“Ci sono tre classi di persone: quelli di sopra, quelli di sotto e quelli che cadono.”
Claustrofobica pellicola low-budget spagnola dal successo inaspettato, uscita in tempi di quarantena e completamente ambientata all’interno di… un buco. O meglio, in una fossa. Probabilmente quando hanno deciso di tradurre il titolo, i distributori erano già in isolamento da un pezzo, impazziti per bene dopo aver letto i nostri consigli per la quarantena. “Il Buco”… dai, sul serio?!
Orientarsi all’interno del film è abbastanza facile: c’è una fossa, sotterranea, verticale, simile ad una prigione, di cui ogni livello ospita due persone. Una volta al giorno, una piattaforma contenente una vasta gamma di cibi disposti a banchetto si abbassa automaticamente ad ogni piano, partendo dal primo. Ovviamente. Ai prigionieri vengono dati solo due minuti al giorno per mangiare; quindi la piattaforma si sposta al livello inferiore fino a raggiungere il fondo. Ci sono tre semplici regole: (1) ogni detenuto può portare solo un oggetto in prigione; (2) nessun alimento può essere tenuto lontano dalla piattaforma, altrimenti la cella verrà riscaldata o refrigerata a temperature letali; (3) ogni mese i prigionieri vengono addormentati e spostati in un altro livello della prigione.
Dato che non si sa a quale livello si finirà ogni mese, inutile dire che quelli ai livelli superiori si ingozzano senza lasciare cibo.
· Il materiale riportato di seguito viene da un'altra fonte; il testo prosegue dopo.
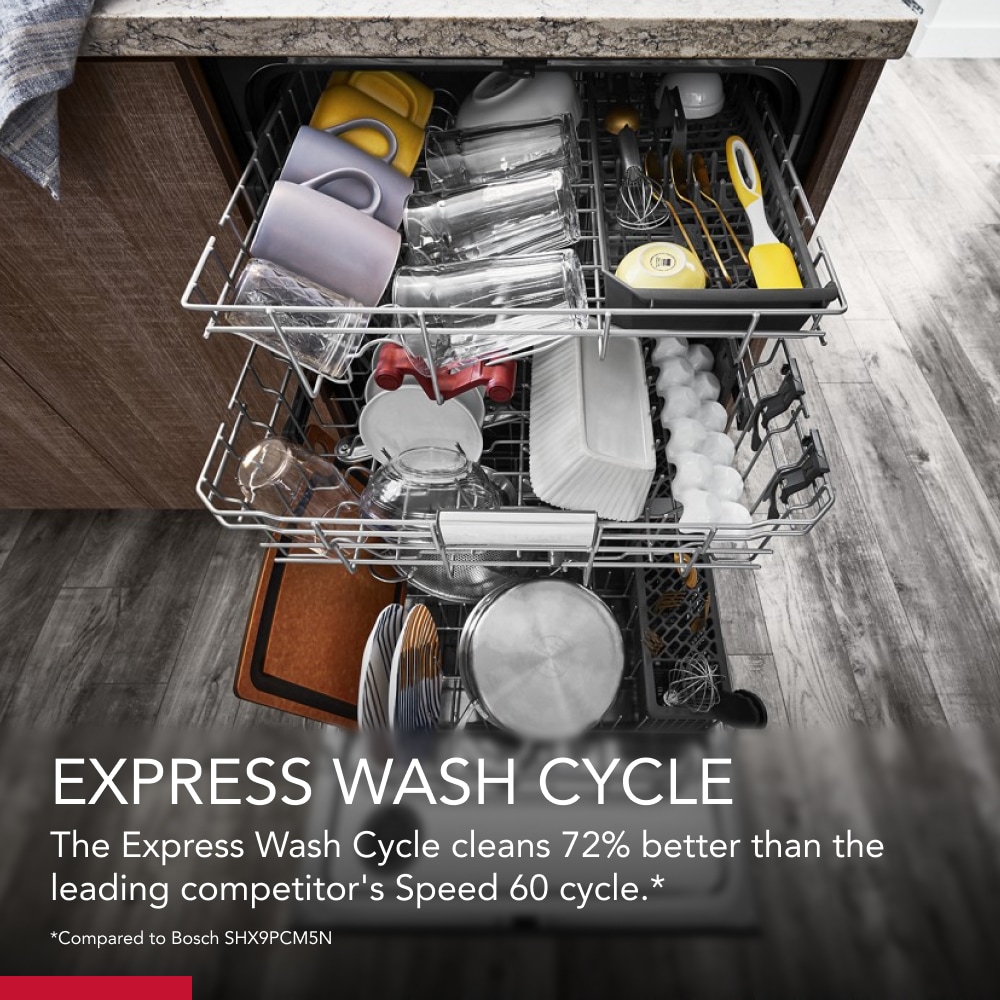 Lavavajillas Empotrado Top Control de 24 pulgadas de la Serie Ecológica 360 MAX JETS de KitchenAid con Tercer Riel (Acero Inoxidable con Acabado PRINTSHIELD), Nivel de Sonido Muy Silencioso de 44 Decibeles KDTM404KPS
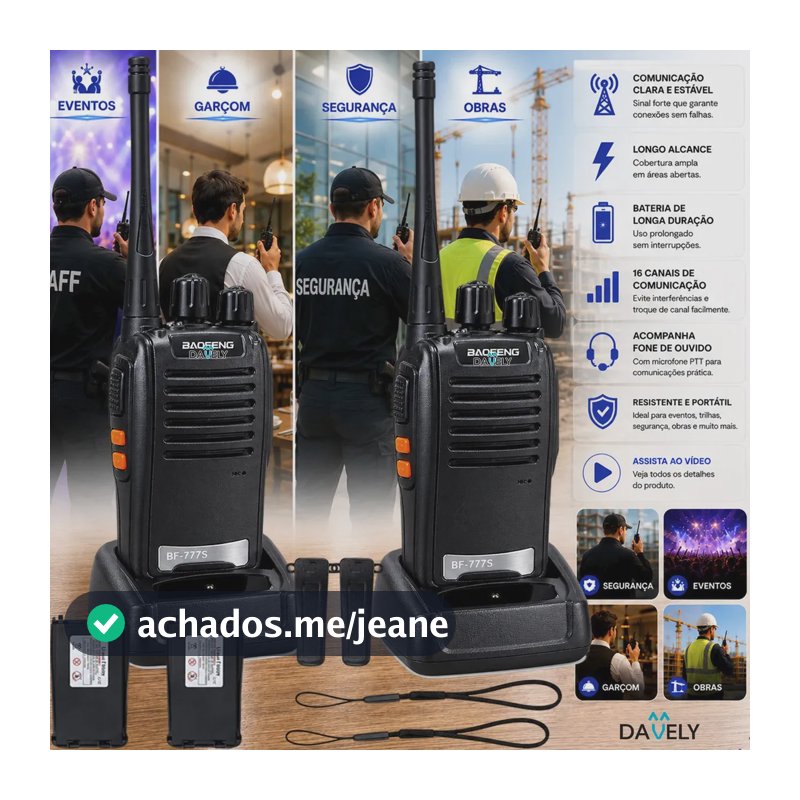 Kit 2 Rádios Comunicadores Walkie Talkie Profissional Eventos HT UHF Radinho walk talk - Com Fone Microfone e Acessórios Comunicação Segura Longo distancia Segurança Garçom Portátil Antena PTT Davely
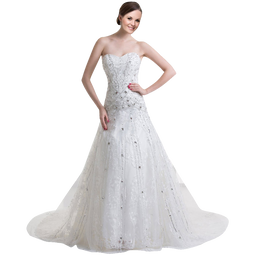 A-plum White Strapless Ball Gown In Lace with Rhinestone Wedding Dress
Più basso è il livello, meno il cibo. I parallelismi con la società moderna si sprecano: le élite non hanno alcun desiderio di condividere la loro ricchezza con quelli sul fondo, che soffrono. E muoiono o, peggio, si uccidono tra di loro. Il film offre un’interessante interpretazione del posizionamento sociale: un giorno potresti essere in cima, con tutto il cibo che vuoi; il prossimo sei in fondo, a morire di fame. Una situazione che ognuno di noi potrebbe sperimentare nella vita reale, augurandoci non accada mai: un giorno lavori, un altro hai successo ed un altro sei un senzatetto. Come uscirne? Differenti punti di vista, espressi chiaramente dai personaggi. L’unica cosa che rimane non proprio chiara è il finale, che si presta a varie interpretazioni e lascia un po’ con l’amaro in bocca. Se non altro lascia anche con il cervello iper-stimolato, in cerca di un senso sia per la pellicola che per la società alla quale apparteniamo.
Ho visto questo film su Netflix appena uscito e sono contento di aver colto l’occasione durante un periodo di convivenza forzata con me stesso. Budget ridotto ma messaggio potente. È simile a film come Cube, Circle, L’Uomo che Venne dalla Terra: tutti film a basso budget con una narrazione eccezionale e una recitazione brillante. Difficile non empatizzare con ogni singolo personaggio: siamo tutti sulla stessa barca. O nello stesso fosso?